Le monument Jules Maurin

Il est parfois des nouvelles qui, en plus d’être excellentes, sonnent comme des hommages bien mérités. Hier, la Commission nationale de l’informatique et des libertés autorisait la publication et l’indexation des registres matricules jusqu’en 1921.

Pour les historiens, il s’agit là d’un incontestable pas décisif permettant, à terme, en cette période de centenaire de la Première Guerre mondiale, une meilleur connaissance de l’Armée française. Dans l’ouest, on connait les travaux de Jérémie Halais sur les conscrits de la subdivision de Granville. Mais on peut imaginer qu’à l’avenir soit menées de nombreuses autres études sur des communes, des unités ou encore des catégories socio-professionnelles particulières, ce sans même évoquer les perspectives interdisciplinaires, tout particulièrement avec la géographie.

Feuillet matricule. Archives départementales des Ardennes.

Il s’agit donc là d’une excellente nouvelle et pourtant on ne peut s’empêcher de lui trouver un goût doux-amer, et ce pour plusieurs raisons. Tout d’abord, la décision de la CNIL ne dit rien de l’indexation de ces sources, dimension qui est essentielle pour pouvoir permettre de telles études quantitatives. Ensuite, on ne  peut que se rappeler que si la CNIL a été appelée à statuer sur les registres matricules, c’est moins pour des questions historiques que généalogiques. En effet, par définition, dans une perspective quantitative, les données sensibles (éléments concernant la santé ou quelques décisions de justice) sont anonymées et ne prennent leur réelle signification que mises en perspective avec un autre facteur, tel que la catégorie socio-professionnelle.

Encore une fois, il ne s’agit pas de jeter la pierre aux généalogistes mais bien de déplorer le peu d’entrain des historiens pour de telles enquêtes. Cela est d’autant plus frappant que les Publications de la Sorbonne viennent de rééditer un véritable monument, un ouvrage que chacun se doit d’avoir dans sa bibliothèque, le magistral Armée, guerre, société, soldats languedociens, 1899-1919 de Jules Maurin.

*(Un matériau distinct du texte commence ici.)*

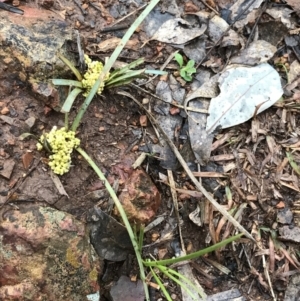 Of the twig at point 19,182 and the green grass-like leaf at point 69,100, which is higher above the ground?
the green grass-like leaf at point 69,100

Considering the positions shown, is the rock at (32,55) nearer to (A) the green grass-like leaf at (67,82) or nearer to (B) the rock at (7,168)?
(A) the green grass-like leaf at (67,82)

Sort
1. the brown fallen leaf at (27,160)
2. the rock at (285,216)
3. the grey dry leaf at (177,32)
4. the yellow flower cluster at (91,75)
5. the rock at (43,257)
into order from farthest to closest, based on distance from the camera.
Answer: the grey dry leaf at (177,32) < the rock at (285,216) < the yellow flower cluster at (91,75) < the brown fallen leaf at (27,160) < the rock at (43,257)

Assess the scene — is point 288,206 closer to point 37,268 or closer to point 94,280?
point 94,280

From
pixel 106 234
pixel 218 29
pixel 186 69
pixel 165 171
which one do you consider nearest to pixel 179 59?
pixel 186 69

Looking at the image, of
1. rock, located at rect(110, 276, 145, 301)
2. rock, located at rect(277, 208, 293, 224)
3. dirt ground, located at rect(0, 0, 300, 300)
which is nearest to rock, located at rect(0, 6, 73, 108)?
dirt ground, located at rect(0, 0, 300, 300)

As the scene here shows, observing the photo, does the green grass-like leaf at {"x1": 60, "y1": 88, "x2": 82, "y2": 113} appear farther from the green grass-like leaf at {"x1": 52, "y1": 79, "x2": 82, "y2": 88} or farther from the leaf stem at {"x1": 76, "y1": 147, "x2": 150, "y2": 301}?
the leaf stem at {"x1": 76, "y1": 147, "x2": 150, "y2": 301}

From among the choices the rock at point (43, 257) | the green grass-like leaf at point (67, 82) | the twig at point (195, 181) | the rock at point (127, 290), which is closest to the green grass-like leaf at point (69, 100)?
the green grass-like leaf at point (67, 82) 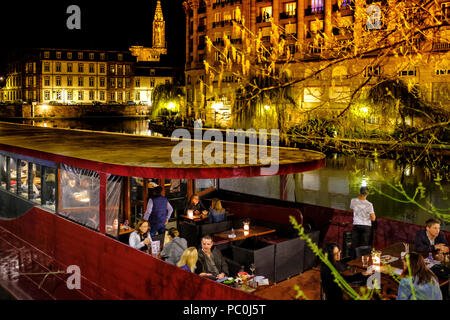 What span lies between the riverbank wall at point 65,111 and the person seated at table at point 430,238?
276ft

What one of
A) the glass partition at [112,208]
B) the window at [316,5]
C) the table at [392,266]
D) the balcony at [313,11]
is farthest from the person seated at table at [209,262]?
the window at [316,5]

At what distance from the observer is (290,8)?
→ 171ft

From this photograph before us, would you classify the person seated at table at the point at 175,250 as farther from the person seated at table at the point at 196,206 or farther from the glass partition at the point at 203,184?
the glass partition at the point at 203,184

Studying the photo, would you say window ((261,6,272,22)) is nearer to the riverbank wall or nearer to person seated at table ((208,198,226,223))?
the riverbank wall

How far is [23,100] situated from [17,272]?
9378 centimetres

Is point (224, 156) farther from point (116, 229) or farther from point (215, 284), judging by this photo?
point (215, 284)

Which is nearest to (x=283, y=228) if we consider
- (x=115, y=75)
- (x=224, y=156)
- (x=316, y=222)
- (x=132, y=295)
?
(x=316, y=222)

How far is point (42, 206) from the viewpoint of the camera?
10.3m

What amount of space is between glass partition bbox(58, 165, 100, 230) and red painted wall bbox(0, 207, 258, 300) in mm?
232

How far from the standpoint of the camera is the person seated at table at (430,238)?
24.2 ft

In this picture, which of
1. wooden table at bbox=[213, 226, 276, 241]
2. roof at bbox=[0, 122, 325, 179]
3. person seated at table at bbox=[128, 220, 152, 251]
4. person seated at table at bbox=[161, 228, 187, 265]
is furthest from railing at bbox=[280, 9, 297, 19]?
person seated at table at bbox=[161, 228, 187, 265]

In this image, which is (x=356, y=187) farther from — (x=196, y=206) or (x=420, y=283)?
(x=420, y=283)

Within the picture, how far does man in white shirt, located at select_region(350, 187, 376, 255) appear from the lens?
862cm

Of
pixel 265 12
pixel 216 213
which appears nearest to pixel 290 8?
pixel 265 12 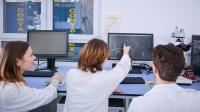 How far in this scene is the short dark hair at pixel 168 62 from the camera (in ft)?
5.04

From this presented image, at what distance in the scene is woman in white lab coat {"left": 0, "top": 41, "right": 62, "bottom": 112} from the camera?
1911mm

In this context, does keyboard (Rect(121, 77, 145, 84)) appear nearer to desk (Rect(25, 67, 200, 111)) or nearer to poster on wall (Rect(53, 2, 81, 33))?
desk (Rect(25, 67, 200, 111))

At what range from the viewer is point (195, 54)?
11.0ft

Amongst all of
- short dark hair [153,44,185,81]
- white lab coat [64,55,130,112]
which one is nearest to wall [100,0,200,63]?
white lab coat [64,55,130,112]

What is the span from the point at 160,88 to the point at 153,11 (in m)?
2.38

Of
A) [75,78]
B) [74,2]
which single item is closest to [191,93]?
[75,78]

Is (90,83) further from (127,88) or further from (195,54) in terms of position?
(195,54)

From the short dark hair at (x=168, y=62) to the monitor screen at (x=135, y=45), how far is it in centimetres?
188

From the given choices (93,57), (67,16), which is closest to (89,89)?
(93,57)

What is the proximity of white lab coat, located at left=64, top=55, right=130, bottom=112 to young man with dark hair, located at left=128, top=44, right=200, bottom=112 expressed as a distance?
0.76 metres

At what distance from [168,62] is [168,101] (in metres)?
0.25

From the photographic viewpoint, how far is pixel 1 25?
403 centimetres

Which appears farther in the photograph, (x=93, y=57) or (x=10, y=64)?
(x=93, y=57)

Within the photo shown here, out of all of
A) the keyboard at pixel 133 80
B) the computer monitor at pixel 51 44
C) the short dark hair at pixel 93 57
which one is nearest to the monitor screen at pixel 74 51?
the computer monitor at pixel 51 44
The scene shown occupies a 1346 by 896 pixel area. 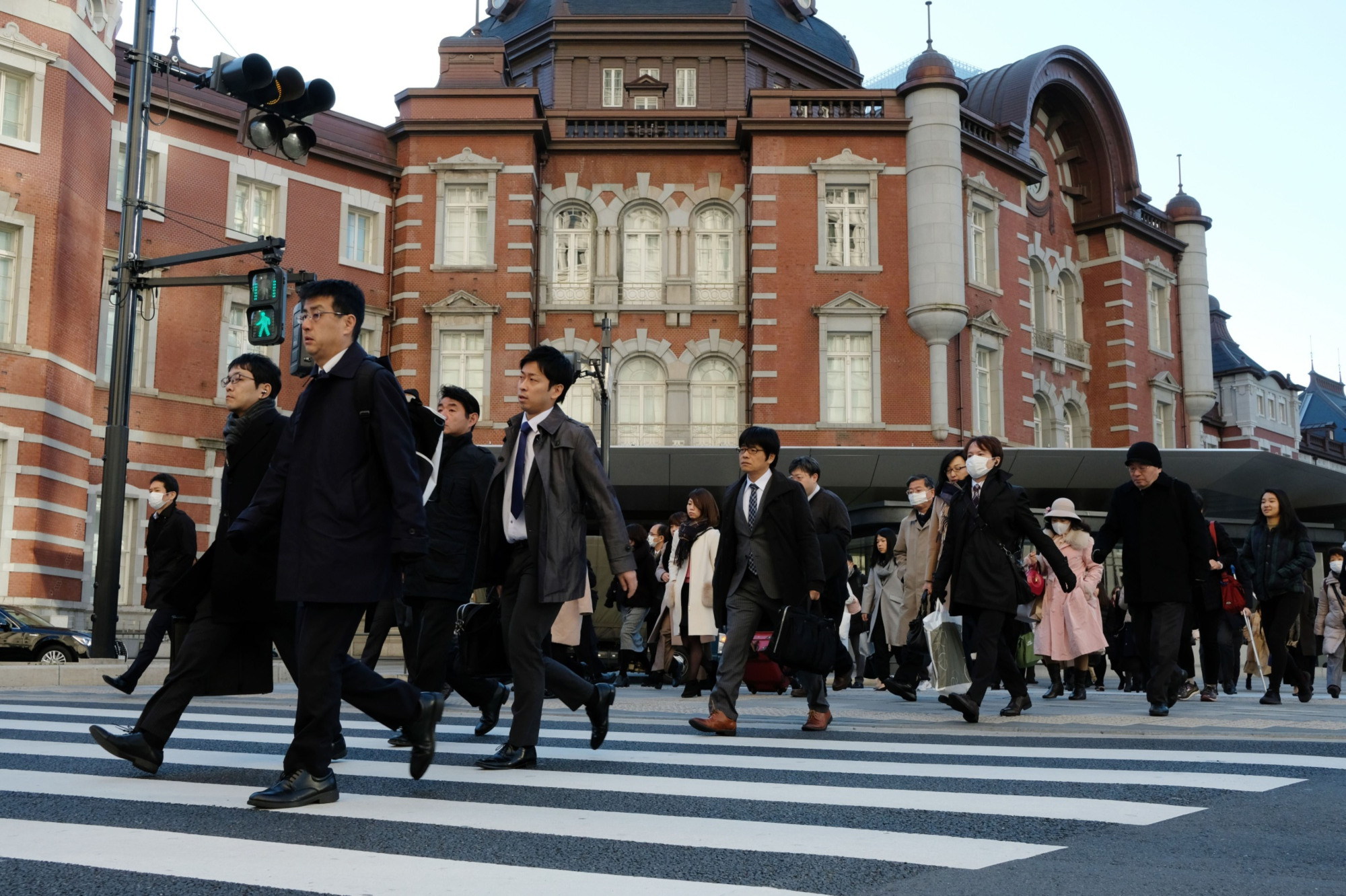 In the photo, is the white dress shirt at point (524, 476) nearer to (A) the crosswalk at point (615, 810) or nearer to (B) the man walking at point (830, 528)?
(A) the crosswalk at point (615, 810)

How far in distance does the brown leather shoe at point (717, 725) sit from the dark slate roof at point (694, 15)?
3035 cm

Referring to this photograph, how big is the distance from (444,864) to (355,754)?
2907 millimetres

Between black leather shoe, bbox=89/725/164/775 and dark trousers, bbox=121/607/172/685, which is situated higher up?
dark trousers, bbox=121/607/172/685

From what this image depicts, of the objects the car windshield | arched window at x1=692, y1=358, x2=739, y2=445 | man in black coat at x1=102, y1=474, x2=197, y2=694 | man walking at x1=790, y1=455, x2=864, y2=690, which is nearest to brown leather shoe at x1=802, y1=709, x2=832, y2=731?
man walking at x1=790, y1=455, x2=864, y2=690

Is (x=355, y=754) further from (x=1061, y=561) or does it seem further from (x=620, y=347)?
(x=620, y=347)

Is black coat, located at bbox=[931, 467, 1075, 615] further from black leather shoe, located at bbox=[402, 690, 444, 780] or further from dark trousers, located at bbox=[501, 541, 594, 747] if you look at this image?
black leather shoe, located at bbox=[402, 690, 444, 780]

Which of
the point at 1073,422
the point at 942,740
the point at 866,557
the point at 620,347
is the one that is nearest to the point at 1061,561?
the point at 942,740

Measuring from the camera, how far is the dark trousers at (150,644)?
35.3 feet

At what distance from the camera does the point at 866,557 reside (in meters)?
29.0

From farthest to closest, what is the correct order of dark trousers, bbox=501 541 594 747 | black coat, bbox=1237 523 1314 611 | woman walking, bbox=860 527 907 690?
woman walking, bbox=860 527 907 690 < black coat, bbox=1237 523 1314 611 < dark trousers, bbox=501 541 594 747

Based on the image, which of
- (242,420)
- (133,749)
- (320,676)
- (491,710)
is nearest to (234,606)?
Answer: (133,749)

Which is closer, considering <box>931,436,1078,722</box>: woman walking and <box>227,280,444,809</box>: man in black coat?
<box>227,280,444,809</box>: man in black coat

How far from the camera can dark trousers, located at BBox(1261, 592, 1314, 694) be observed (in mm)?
11406

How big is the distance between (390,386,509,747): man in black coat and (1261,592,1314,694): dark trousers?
7357 millimetres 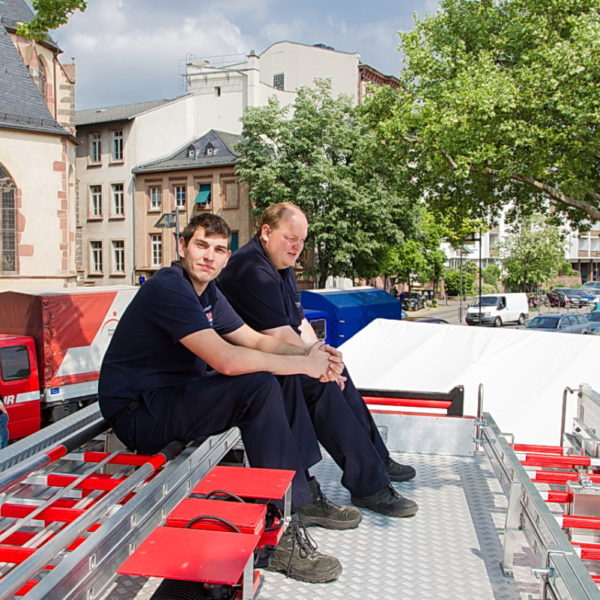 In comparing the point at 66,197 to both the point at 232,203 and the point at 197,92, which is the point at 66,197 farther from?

On nous pardonnera notre enthousiasme qui pourra sonner comme excessif aux oreilles de certains mais ce livre est doublement important. Il l’est car il s’agit d’un véritable classique de l’historiographie française, ouvrage tiré d’une thèse absolument monumentale (on ne peut pas s’en empêcher, les superlatifs reviennent…). Pendant des années, Jules Maurin élabore son corpus constitué de près de 10 000 fiches matricules extraites méthodiquement des archives des bureaux de recrutement de Béziers et Mende. Saisies et analysées informatiquement, ces données dressent un tableau, certes indiciaire mais pour l’heure unique, de l’Armée française pendant la Première Guerre mondiale.

Aride, d’une incroyable densité, ce livre est donc éminemment important pour l’emprunte qu’il laisse dans l’historiographie française.

Mais il l’est encore plus pour les perspectives qu’il ouvre et ce, là encore, pour plusieurs raisons. Une en est que Jules Maurin montre dans cet ouvrage qu’une histoire sérielle n’est pas nécessairement l’ennemie d’autres approches. Armée, guerre, société bénéficie ainsi d’apports importants de l’histoire orale, une dimension qui n’est pas à négliger à un moment où semble poindre une opposition artificielle entre histoire culturelle et sociale.

Mais la perspective la plus importante qu’ouvre le travail de Jules Maurin réside moins dans les archives qu’il a patiemment dépouillé que dans les moyens dont il bénéficiait dans les années 1970 pour travailler et qui sont, naturellement, sans commune mesure avec les nôtres. Car Armée, guerre, société renvoie aux temps héroïques des pionniers de la mécanographie, ces petites fiches que l’on perfore avec précision pour transcrire l’information. Bien évidemment complètement dépassées, les pages que Jules Maurin consacre à la méthodologie qui est la sienne sont réellement merveilleuses et ne peuvent que susciter une immense admiration et un profond respect. Et lorsque l’on découvre que c’est avec un ordinateur d’une mémoire vive de seulement 248ko qu’une telle étude a été menée, on comprend dès lors qu’avec la mise en ligne des registres matricules de recrutement, on est en droit d’attendre de nombreuses autres études « à la Jules Maurin ».

On ne peut donc que remercier les Publications de la Sorbonne pour la réédition de ce livre réellement important, augmenté de surcroît d’une belle préface d’André Loez et Nicolas Offenstadt, manifestement très admiratifs de l’œuvre de Jules Maurin. En souhaitant que cet ouvrage, conjointement à la mise en ligne prochaine des registres matricules, suscite de nombreuses vocations et permette de doter l’historiographie de la Bretagne pendant la Première Guerre mondiale d’enquêtes aussi riches et stimulantes.